Kimchi – Word of the day - EVS Translations
Kimchi – Word of the day – EVS Translations

Today is Korean Alphabet Day celebrating the invention of the Korean alphabet in 1446.

It is a language spoken by some 80 million people. The nucleus of the vocabulary is local Korean words. Of the words used in the country, some 5% of them come from English. However, this borrowing does not go the other way.

The Oxford English Dictionary cites only 15 words based on Korean which are used in English. Relevant to today is of course hangul – the Korean phonetic alphabet. Other words are the won (currency) and the tae kwon do – the martial arts system.

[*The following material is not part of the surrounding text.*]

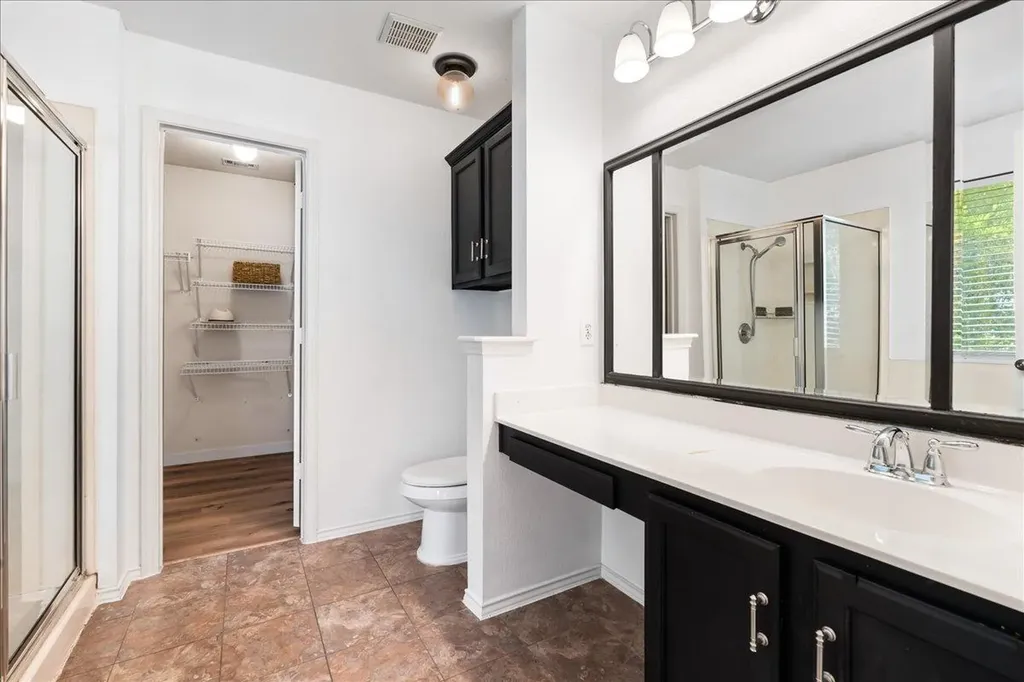 1704 Mcdowell Bend Leander TX 78641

Over centuries Korea was virtually unknown to the West. Diplomatic relations were opened up with Great Britain only in 1884.

Kimchi

Being unknown also relates to food. One of the most common Korean words used in English relates to something to eat – kimchi. This is consumed in great quantities in Korea – on average 18 kilograms per person per year. But what is kimchi? What does it consist of? The best place to go it the Kimchi Field Museum in Seoul. This museum documents the 187 varieties of the dish, provides tastings, cooking courses and shows the development of kimchi over time. Key ingredients are cabbage, spring onion and cucumber.

Isabella Bird

This was first recorded by Isabella Bird – a nineteenth century English woman who travelled extensively. She also wrote about what she had experienced with books on America, China, Japan, Israel, Iran, Malaysia, Australia and also Korea. In her book Korean and her Neighbours which came out in 1898. Her book of some 450 pages is one of the first which sees Korean with English eyes. She mentions kimchi three times, defining it as “an elaborate form of sour kraut”. She is serviced kimchi by a prince and also sees it in a poor fisherman’s home.

James Gale

James Gale mentions kimchi in the same year. In his Korean Sketches he records that “we found a Korean hut, and to our delight, dined on rice and kimchi once more”. In brackets he states that kimchi tastes like pickle. Gale is the man that brought English to Korea and Korean to English speakers. He arrived in Korea from Canada in 1888 as a missionary and left after a lifetime in 1927. During this time not only did he translate the Bible into Korean, but also Korean literature into English. In addition, he published the first Korean-English dictionary and wrote an English language history of Korea.

For a foreigner it takes time to love kimchi. Blackwood’s Magazine in 1925 provides an example of the shock of a first taste for a foreigner. The writer was presented with “five different sorts of kimchi, a horrible dish made out of vegetables which have become rotten”.